Pas une seconde, Ridley Scott ne se préoccupe de son histoire, tellement basique qu’elle en devient ridicule. Il passe visiblement peu de temps avec ses acteurs, et leurs personnages sont vides. Par contre, on l’imagine en studio, en train de reconstituer cette forêt magnifique, de choisir avec amour chaque pierre, chaque fougère… imitant en cela un certain… Stanley Kubrick. A Hollywood tout le monde respecte, envie et veut devenir Kubrick. Sa filmographie exceptionnelle, sa capacité unique à obtenir le final cut, le réalisme de ses productions : décors, costumes, accessoires… Je sens un frémissement dans l’assistance… Kubrick ferait-il partie de cette infâme caste des « décorateurs » ? Erreur, cher public, mais rassurez vous, vous n’êtes pas seuls…
Ils sont nombreux à avoir compris de travers les enseignements de Maître Stanley. Kubrick était mégalo, frustré, maniaco-dépressif : il se préoccupait de tout ! Bien sûr, il voulait savoir quel type de brosse à dent pouvait utiliser Barry Lindon, ou connaître le nombre exact de millimètres carrés des pubs pour Full Metal Jacket dans la presse thaïlandaise… Il voulait tout contrôler, et c’est pour ça qu’il a fait peu de films. Mais tout contrôler, c’est aussi polir pendant des années son scénario, ou tourner pendant un an avec Cruise/ Kidman pour Eyes Wide Shut. Et recommencer tant que ce n’est pas bon… Le scénario, les acteurs, ce ne sont pas des détails…
Après Legend, le cas Ridley ne fit que décliner. De succès en échec, rien n’y change : films de décorateur à succès, comme Gladiator, ou des films de décorateur à échec, comme Legend ou 1492. A chaque fois perce pourtant son unique motivation : l’envie de reconstituer, avec un talent certain, un univers qui le fascine : les appartements yuppies new-yorkais de Someone to Watch Over Me, le japon yakusa de Black Rain, l’Espagne de 1492, la Rome antique de Gladiator, et ce, jusqu’à la dernière fibule de centurion romain.
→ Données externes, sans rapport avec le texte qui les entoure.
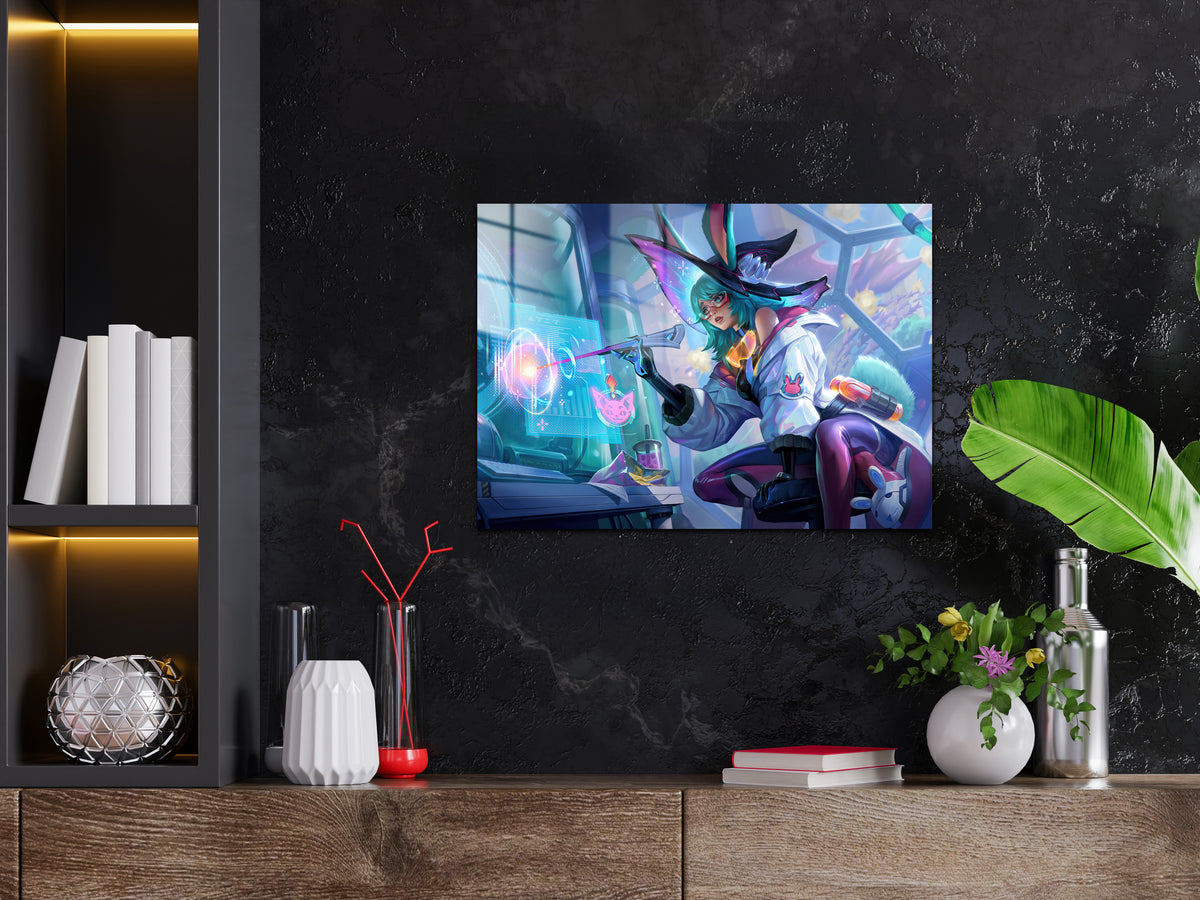 League of Legends LOL Aurora Metal Poster 507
A chaque fois, ses projets sont très excitants sur le papier, il propose de véritables challenges au spectateur. On l’imagine aussi excellent pitcher à Hollywood, capable de vendre un projet clefs en mains : Depardieu en Colomb, Demi Moore rasée, etc. Des films qu’on a instantanément envie de voir. Mais une fois dans la salle, c’est une autre affaire…
Il reste le plus bel enlumineur du cinéma américain. C’est là sa constance, c’est là son honneur… Il fait partie de la longue liste des réalisateurs en qui nous avons espéré, le temps d’un ou plusieurs films. Tels des étoiles filantes, ils nous abasourdissent de leur chef d’œuvre instantané. Epoustouflé par tant de génie, nous ne savons pas entrevoir derrière eux le producteur discret ou le scénariste talentueux. Puis un jour, ce complice disparaît, et notre jeune espoir révèle sa vrai nature de tâcheron de seconde zone : j’aimerais citer Bryan Singer, George Lucas, Jean-Jacques Annaud, Ang Lee, Jean-Jacques Beineix***…
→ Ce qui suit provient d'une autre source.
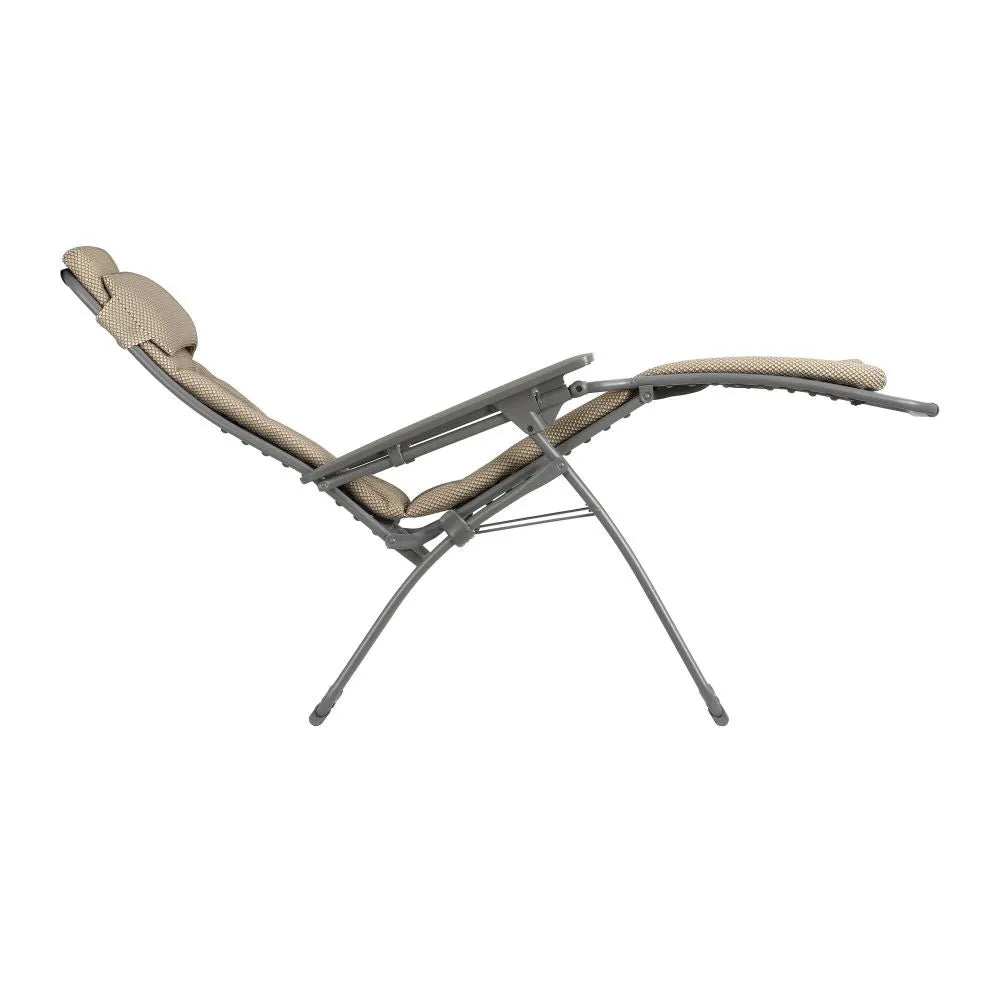 Poltrona Relax imbottita gravità zero Futura Bec Becomfort® Moka 9935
A l’instar de Ridley Scott, ils offrent souvent du régal pour les yeux, mais nos cœurs affamés d’un peu d’humanité restent sec…
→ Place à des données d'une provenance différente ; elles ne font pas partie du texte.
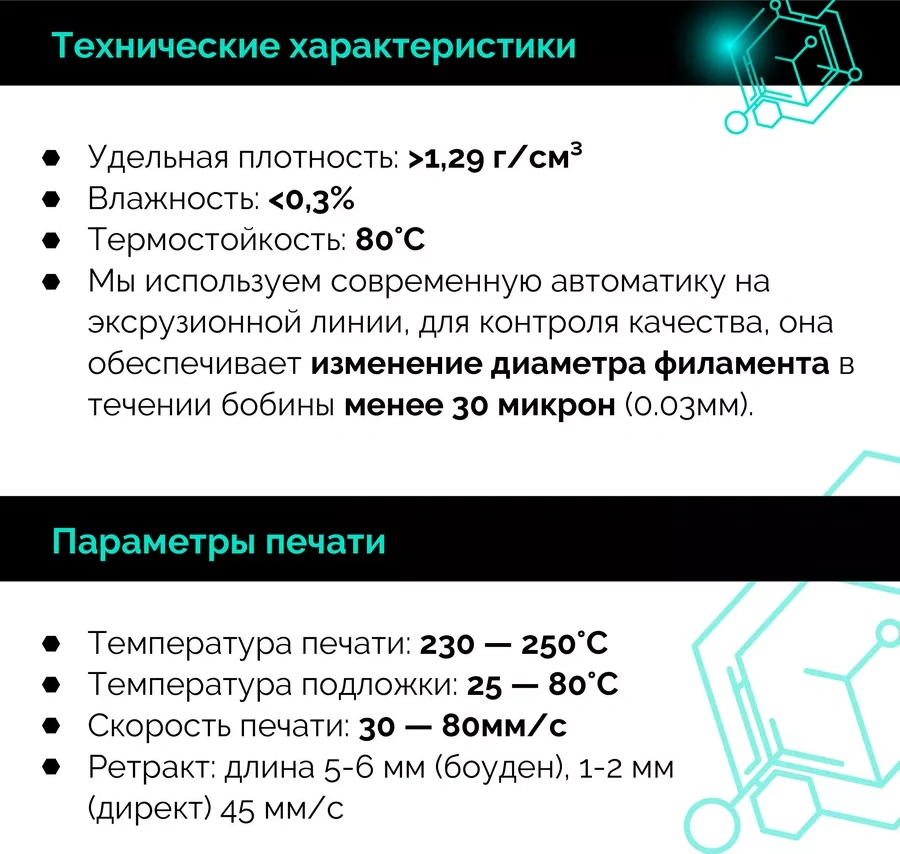 Syntech 3d Yazıcı İçin Plastik Petg Syntech 1.75 Mm Siyah 1 Kg 249595945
P.S. J’ai volontairement laissé de côté Thelma et Louise, un film tellement stupide, abject et démago, qu’il mérite une critique à part entière.
*Alien, le plus grand porno de l’histoire du cinéma, transpercé -si j’ose dire- de pénétrations en tout genre, fellations, viols et orgasmes divers
**Avec, 10 ans après, le plus beau Director’s cut de l’histoire du cinéma : Comment, en UN SEUL PLAN, changer l’intégralité d’un film ? Je rappelle le principe. La version 1982 était ambiguë, on ne savait pas si Deckard était un flic ou un répliquant … Un plan inexpliqué montre un flic laisser un origami de licorne dans la chambre de Deckard. Dans son Director’s cut de 1992, Ridley Scott rajoute un rêve de Deckard : une licorne qui gambade dans la forêt. La boucle est bouclée : si le flic connaît les rêves de Deckard, c’est donc un répliquant. CQFD.)
***Message personnel à l’attention du Frame Keeper : j’ai longtemps intégré David Fincher à cette liste peu recommandable. Puis un soir de 2003, vers 3 heures du matin, lors d’un comité Cinefast, la lumière vint. David F. était bien un cinéaste chrétien, et ses films avait du sens. Une œuvre était en cours… To be continued.